Ashley Walters ile “Adolescence” ve “Manosphere*” Üzerine

Netflix’in eleştirmenler tarafından övgüyle karşılanan dizisi ve yakında çıkacak anı kitabı" Always Winning" hakkında oyuncu Ashley Walters’la konuştuk.

Giriş Tarihi: 10.04.2025 11:30 Güncelleme Tarihi: 15.04.2025 18:01

Yazı Nicole Vassell

Çeviri Zeynep Dallı

Kapak Fotoğrafı Netflix

*erküre; internet tabanlı olarak maskülenlik, erkek hakları üzerinden kadın düşmanı fikirleri yayan grupları ifade eder.

Her dönem, İngiltere televizyonlarında ulusal gündeme oturan bir yapım ortaya çıkar. 2024'te "Baby Reindeer" ve "Mr Bates vs The Post Office", ondan önceki yıl "Happy Valley". Ama dünyayı etkisi altına alan işler her zaman çıkmaz.

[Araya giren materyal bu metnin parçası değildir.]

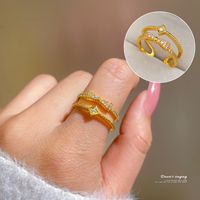Simple Style Crown Brass Plating Rhinestones Pearl Open Ring 1 Piece sku image 18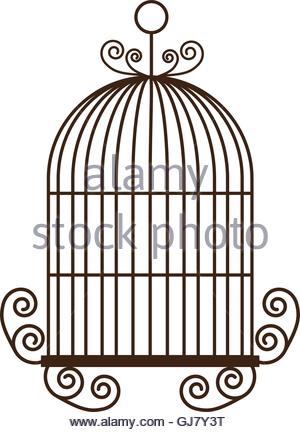 300x432 Birdcage Silhouette Vintage Icon, Vector Illustration Stock Vector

Bu ay başında Stephen Graham ve Jack Thorne'un birlikte kaleme aldığı sıra dışı gerilim dizisi "Adolescence" yayınlandığında, yalnızca birkaç gün içinde Netflix'in tüm bölgelerinde bir numaraya yerleşti. Yüzlerce inceleme yazısı yayımlandı, İngiltere başbakanı Keir Starmer bile dizinin bıçaklı saldırı vakalarını ve çevrimiçi "manosphere" kültürünün toksik etkilerini ele alışını House of Commons'ta gündeme taşıdı.

"Boiling Point" ve "Malpractice" ile tanınan Philip Barantini'nin yönettiği dizi, her biri bir saat süren ve tek plan çekilen dört bölümden oluşuyor. Hikâye, 13 yaşındaki Jamie Miller'ın (yeni isim Owen Cooper'ın olağanüstü performansıyla) sınıf arkadaşı Katie'yi öldürme suçuyla tutuklanmasıyla başlıyor. Graham, Jamie'nin babası Eddie'yi canlandırırken olaylardan sarsılan bir mahalleyi canlandıran kalabalık bir oyuncu kadrosu yer alıyor.

Ashley Walters ise Jamie'yi tutuklayan ve sorgulayan dedektif Luke Bascombe rolünde. 2023'te "Top Boy" macerasını noktaladıktan sonra, Walters –hem baba hem dede– tamamen farklı bir proje arayışındaydı. Erkeklik, incel altkültürü ve sosyal medya gibi temaları işleyen bu diziyle tam da aradığı şeyi bulmuş.

Öğleye doğru gerçekleşen bir Zoom görüşmesinde Walters'la dizinin yarattığı büyük etki, oyunculuğa olan tutkusu ve müziğe dönüşü hakkında konuştuk.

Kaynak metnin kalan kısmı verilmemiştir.